Ben Klopack
Job Market Candidate

Stanford University
Department of Economics
579 Serra Mall
Stanford, CA 94305

Curriculum Vitae

Industrial Organization, Urban Economics, Public Economics

Expected Graduation Date:
June, 2019

Thesis Committee:
Liran Einav (Primary):

Matt Gentzkow:

Tim Bresnahan:

Rebecca Diamond:


One Size Fits All? The Value of Standardized Retail Chains (Job Market Paper)
Multi-outlet firms, or chains, make up a large and growing part of the US retail sector, with significant variation across store category and geographic location. This paper is focused on the chains' primary demand-side tradeoff: various forms of economies of scale allow chains to generate higher demand than independent firms, but at the same time chains are less flexible in customizing product selection or prices across locations. To quantitatively assess this tradeoff, I develop a simple model and estimate it using a large transaction-level dataset from a major payment card company, focusing on restaurant purchases. I find that on average chains could earn 22% higher revenue if they could customize their product optimally to local tastes, but they would lose 12% of their revenues if they were to operate as unconstrained independents. Policies that ban chain restaurants would result in a loss of consumer welfare equivalent to about 2% of restaurant spending and would disproportionately impact lower income consumers. Considering the endogenous entry of independent restaurants dampens the effects of chain bans by 40%.

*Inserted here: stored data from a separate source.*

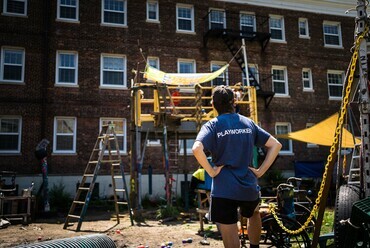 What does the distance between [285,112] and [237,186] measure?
19.8m

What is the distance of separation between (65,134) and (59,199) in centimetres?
366

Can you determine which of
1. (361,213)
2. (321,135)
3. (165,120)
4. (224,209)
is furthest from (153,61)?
(361,213)

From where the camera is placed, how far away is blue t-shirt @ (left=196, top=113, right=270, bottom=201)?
352 centimetres

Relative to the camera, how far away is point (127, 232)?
30.5ft

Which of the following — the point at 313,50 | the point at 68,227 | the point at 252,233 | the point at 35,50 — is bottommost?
the point at 68,227

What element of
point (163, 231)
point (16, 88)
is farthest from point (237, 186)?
point (16, 88)

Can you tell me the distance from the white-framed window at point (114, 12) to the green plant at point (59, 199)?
953 centimetres

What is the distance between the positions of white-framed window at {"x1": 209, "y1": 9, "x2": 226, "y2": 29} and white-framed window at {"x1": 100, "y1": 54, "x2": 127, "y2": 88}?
596cm

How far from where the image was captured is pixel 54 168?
1777 centimetres

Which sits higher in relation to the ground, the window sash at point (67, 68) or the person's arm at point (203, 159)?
the window sash at point (67, 68)

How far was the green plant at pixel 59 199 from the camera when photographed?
1593 centimetres

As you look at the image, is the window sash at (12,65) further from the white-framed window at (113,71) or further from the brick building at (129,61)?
the white-framed window at (113,71)

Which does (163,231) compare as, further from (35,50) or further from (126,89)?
(35,50)

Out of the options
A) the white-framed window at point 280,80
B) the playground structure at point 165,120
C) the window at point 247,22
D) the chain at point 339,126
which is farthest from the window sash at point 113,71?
the chain at point 339,126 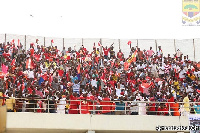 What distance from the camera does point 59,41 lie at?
3222 cm

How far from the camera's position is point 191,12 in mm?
36719

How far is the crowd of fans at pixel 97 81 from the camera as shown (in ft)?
68.0

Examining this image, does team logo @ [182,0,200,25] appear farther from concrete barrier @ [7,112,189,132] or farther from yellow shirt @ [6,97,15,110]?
yellow shirt @ [6,97,15,110]

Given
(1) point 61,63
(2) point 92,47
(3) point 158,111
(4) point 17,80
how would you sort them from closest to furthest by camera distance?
(3) point 158,111, (4) point 17,80, (1) point 61,63, (2) point 92,47

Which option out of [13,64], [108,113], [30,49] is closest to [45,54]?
[30,49]

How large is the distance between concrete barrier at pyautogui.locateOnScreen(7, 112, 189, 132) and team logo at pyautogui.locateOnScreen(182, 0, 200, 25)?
1646 cm

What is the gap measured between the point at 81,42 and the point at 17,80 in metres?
9.78

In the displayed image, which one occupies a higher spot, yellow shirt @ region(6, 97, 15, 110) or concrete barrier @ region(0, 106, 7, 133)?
yellow shirt @ region(6, 97, 15, 110)

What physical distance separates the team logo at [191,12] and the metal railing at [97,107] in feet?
51.2

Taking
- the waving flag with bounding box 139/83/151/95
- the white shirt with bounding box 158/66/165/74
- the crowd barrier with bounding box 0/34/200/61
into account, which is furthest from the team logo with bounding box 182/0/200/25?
the waving flag with bounding box 139/83/151/95

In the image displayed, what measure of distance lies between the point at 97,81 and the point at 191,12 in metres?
14.7

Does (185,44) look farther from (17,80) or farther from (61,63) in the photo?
(17,80)

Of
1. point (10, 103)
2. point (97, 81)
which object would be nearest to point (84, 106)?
point (10, 103)

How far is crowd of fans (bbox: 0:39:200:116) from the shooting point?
68.0 feet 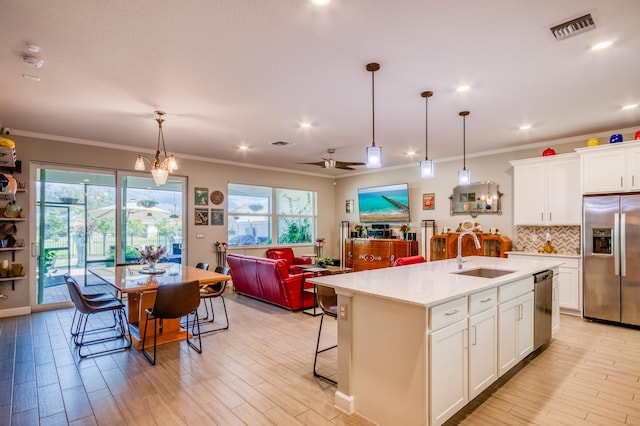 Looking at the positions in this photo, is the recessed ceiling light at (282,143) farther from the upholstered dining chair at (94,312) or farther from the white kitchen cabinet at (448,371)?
the white kitchen cabinet at (448,371)

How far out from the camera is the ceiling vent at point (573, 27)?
235cm

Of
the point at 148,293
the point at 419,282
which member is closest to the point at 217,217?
the point at 148,293

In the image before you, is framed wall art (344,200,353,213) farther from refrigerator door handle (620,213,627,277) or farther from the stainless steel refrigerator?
refrigerator door handle (620,213,627,277)

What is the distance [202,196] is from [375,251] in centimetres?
426

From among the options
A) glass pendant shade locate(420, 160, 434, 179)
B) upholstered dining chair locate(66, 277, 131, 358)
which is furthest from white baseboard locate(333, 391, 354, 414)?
upholstered dining chair locate(66, 277, 131, 358)

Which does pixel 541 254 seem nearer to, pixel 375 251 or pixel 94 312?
pixel 375 251

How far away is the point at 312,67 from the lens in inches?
121

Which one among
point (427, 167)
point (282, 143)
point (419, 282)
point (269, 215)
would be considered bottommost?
A: point (419, 282)

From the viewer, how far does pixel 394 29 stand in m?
2.46

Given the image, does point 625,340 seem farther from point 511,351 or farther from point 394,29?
point 394,29

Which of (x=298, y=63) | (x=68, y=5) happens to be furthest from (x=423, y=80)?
(x=68, y=5)

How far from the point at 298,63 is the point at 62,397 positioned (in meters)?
3.49

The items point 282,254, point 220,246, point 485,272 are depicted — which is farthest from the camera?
point 282,254

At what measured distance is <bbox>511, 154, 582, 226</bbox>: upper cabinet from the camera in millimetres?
5309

Assessing the Gains from E-Commerce (with Paul Dolfen, Liran Einav, Pete Klenow, Jon Levin, Larry Levin, Wayne Best)
E-commerce represents a rapidly growing share of U.S. retail spending. We use transactions-level data on credit and debit cards from Visa, Inc. between 2007 and 2017 to quantify the resulting consumer surplus. We estimate that the gains from e-commerce reached the equivalent of a 1.3% permanent boost to consumption by 2014, or about $1,250 per household. The gains arose mostly from accessing a wider variety of merchants online, but also from saving the travel costs of buying items in brick-and-mortar stores. The richest counties gained roughly twice as much as the poorest counties (top vs. bottom quartiles), and densely populated counties gained more than sparsely populated counties.

Strategic Default, Loan Modification, and Foreclosure (with Nicola Pierri)
The residential mortgage market is characterized by strategic interactions between borrowers, who post houses as collateral, and lenders. Our paper follows the previous literature in describing and detecting the strategic responses of borrowers to negative equity, threat of foreclosure and the potential to renegotiate their mortgage (modification). We exploit a discontinuity in the criteria for eligibility of the biggest US governmental program to encourage modifications in order to quantify the effect of these strategic responses. We show that the program succeeds in decreasing the intensity of foreclosure among delinquent borrowers and increasing the likelihood that delinquent borrowers return to making payments. However, it also significantly increases borrowers' rates of delinquency. We estimate this second effect to be strong enough to substantially weaken the policy's effectiveness in decreasing the total amount of foreclosures.

Vertical Contracting and Price Parity Agreements: Evidence from Hotels in Europe (with Nicola Pierri)
This paper investigates the effect of ''price parity'' clauses in vertical contracts between hotels and online travel agencies on average prices. These restrictions require a hotel to set its lowest prices for a given room on a travel agency's website and have come under recent scrutiny by antitrust regulators. We exploit two recent policy changes in Europe: a settlement in 2014 in Germany that banned price parity clauses by the largest online travel agency and subsequent regulatory action in 2015 in Sweden, Italy, and France. Using a differences-in-differences strategy, we find that these regulatory actions were associated with a decrease in prices of between 9% and 15%.